”Kitab nedir, iman nedir bilmezken” nasıl ”muhteşem bir ahlâka” sahip olunur?

Önce Şûrâ Suresi’nin 52. ayetini okuyun:

“(Bu vahiy sana gelmezden önce) Sen, kitap nedir, iman nedir bilmezdin; ama şimdi bu (vahyi) bir ışık yaptık…”

Sonra da Kalem Suresi’nin 4. ayetini:

“Evet, çünkü sen, muhteşem bir ahlâka sahipsin!”

Bu iki ayetin iki ortak noktası var:

  1. İkisi de Peygamber Efendimizin vahiy öncesi durumu hakkında bilgi veriyor.
  2. İkisi de, bunu “emir/nehiy tarzında” (inşa) değil, “haber tarzında” (ihbar) veriyor.

İlk inen sürelerden biri olan Kalem Suresi’ndeki ayet, Hz. Peygamber’in peygamberlikten önceki ahlaki durumunu haber veriyor: “Muazzam ve muhteşem bir ahlâk.”

Bunu verirken, “inne” edatının en baskın iki muhtemel manasından biri olan “ta’lil” anlamını tercih ediyoruz. Bu tercihin anlamı şu: Sanki Hz. Peygamber, “Rabbim, bu göreve niçin başkası değil de beni seçtin?” diye sormuş da, bu sorunun cevabı gelmiş gibi: “Çünkü sen, muhteşem bir ahlâka sahipsin.”

Bu ayet açıkça, “ahlâk işin başıdır” diyor. Göklerin eli, çöle dönmüş dünyanın yüreğine bire sonsuz veren bir tohum ekecek.

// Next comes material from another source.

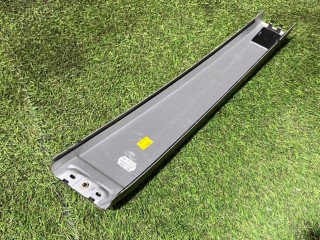 Накладка стойки двери правая, ориг. номер 7L5853318B4W9, Porsche Cayenne S 957 2007-2010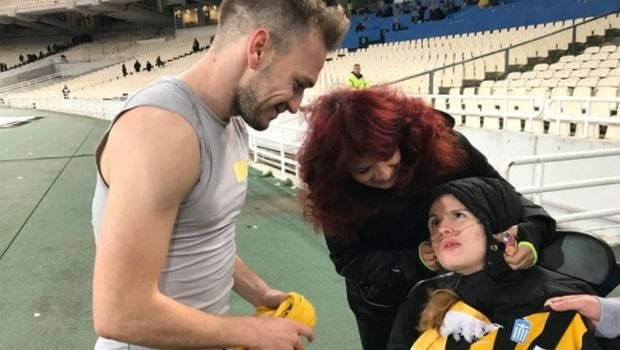 Στην Αυστρία με την καλύτερή της οπαδό η ΑΕΚ!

Bu “cins” tohumun en baskın niteliği, yani alâmet-i farikası, “ahlâk” olarak tanıtılıyor.

Şimdi de Şûrâ Suresi’ndeki ayeti, bu ayetin altına yerleştirelim. Ne çıkıyor sonuçta: Kendisine Kur’an vahyi gelmezden önce “kitap nedir, iman nedir bilmeyen” bir insan. Bunun anlamı şu: Son vahyin aydınlattığı ilk bilinç, ilk muhatabının bilinci. Kur’an vahyinin münevver kıldığı ilk yürek, ilk muhatabının yüreği. Çünkü o daha önceden bilmediklerini, vahiy sayesinde bilir hale geliyor.

Şimdi iki ayeti birlikte formüle edecek olursak, ortaya şuna yakın bir sonuç çıkmaz mı: “Sen kitap nedir, iman nedir bilmezken bile, muhteşem bir ahlâk üzereydin!”

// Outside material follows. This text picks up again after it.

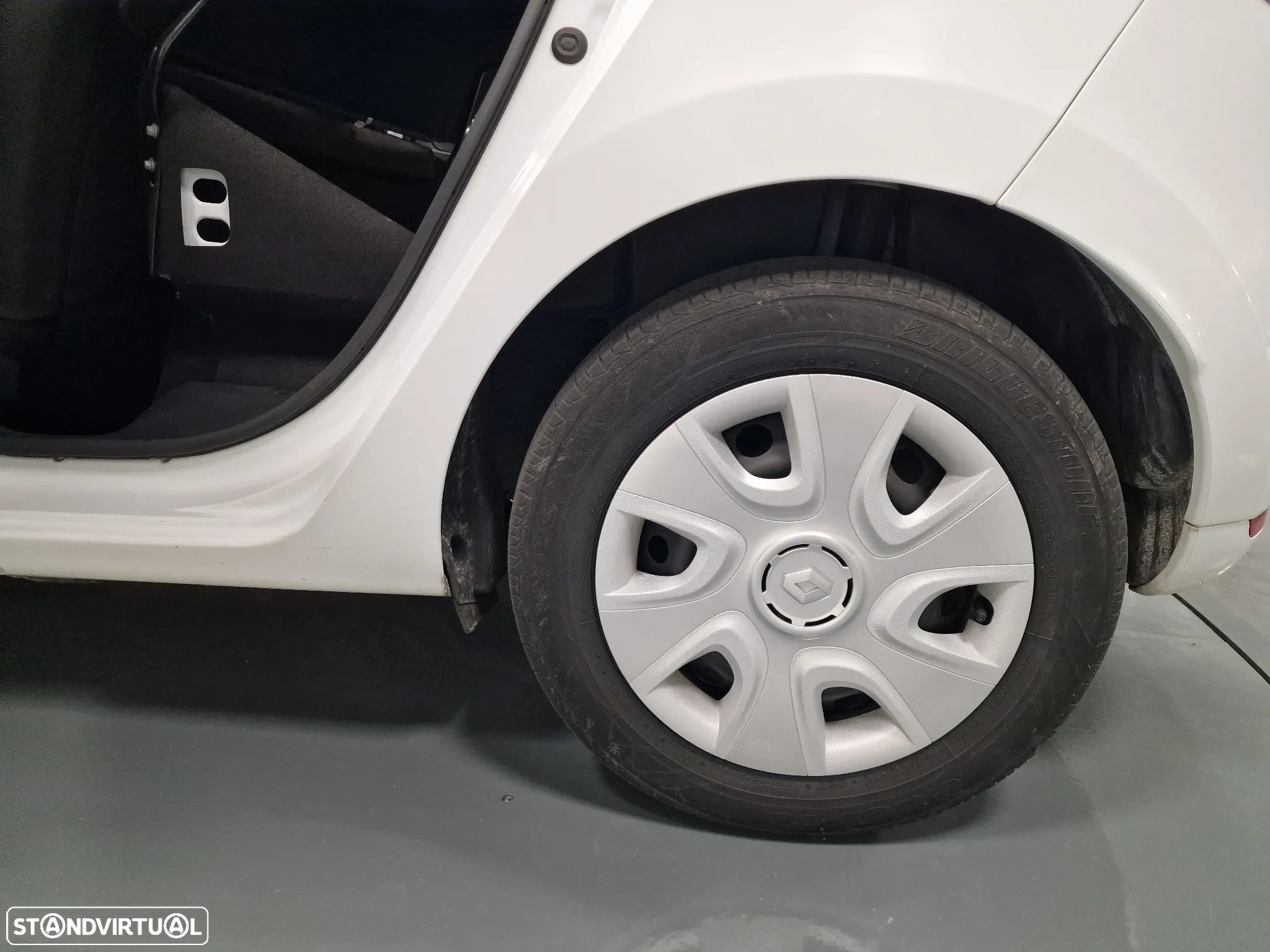Renault CLIO SOCIETE 1.5 DCI ZEN GPS IVA DEDUTIVEL - 26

Bu sonuç, günümüz Müslümanı için bir şey ifade eder mi?

Günümüz Müslümanı bu sonucu nasıl, nereye kadar anlar, anlayabilir?

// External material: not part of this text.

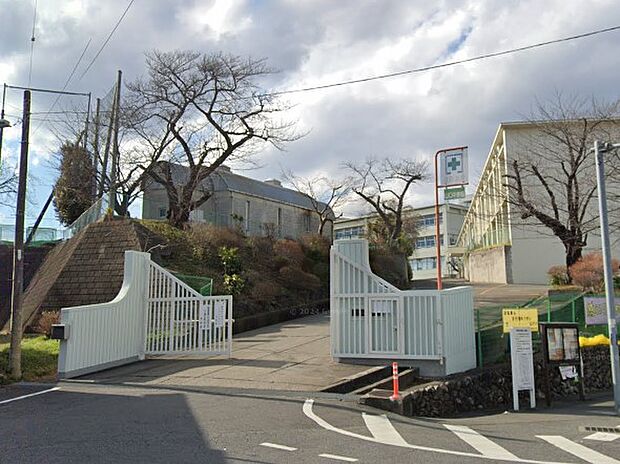 所沢市立山口中学校(約600m)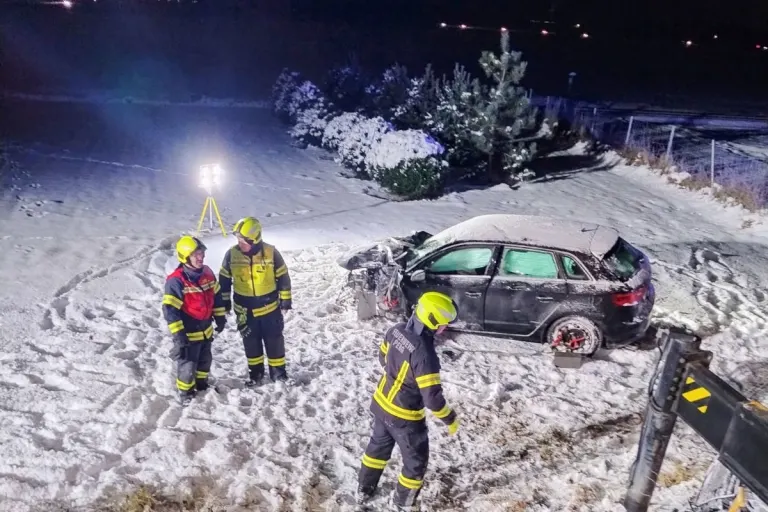 Perg – Junglenker bei Unfall verletzt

Mesela “kitap nedir, iman nedir bilen”, fakat iş ahlâka gelince, ahlaki davranışa gelince, bırakın “muazzam ve muhteşemini”, normal bir ahlaki standardı dahi tutturamamış Müslüman için bu ayetler ne ifade eder?

Sözü “davranış ve ilişki ahlâkına” getirirsek neyi ifade eder?

İş ve işveren-işçi, patron-eleman ahlâkına getirirsek neyi ifade eder?

Bilim ve ihtisas ahlâkına getirirsek neyi ifade eder?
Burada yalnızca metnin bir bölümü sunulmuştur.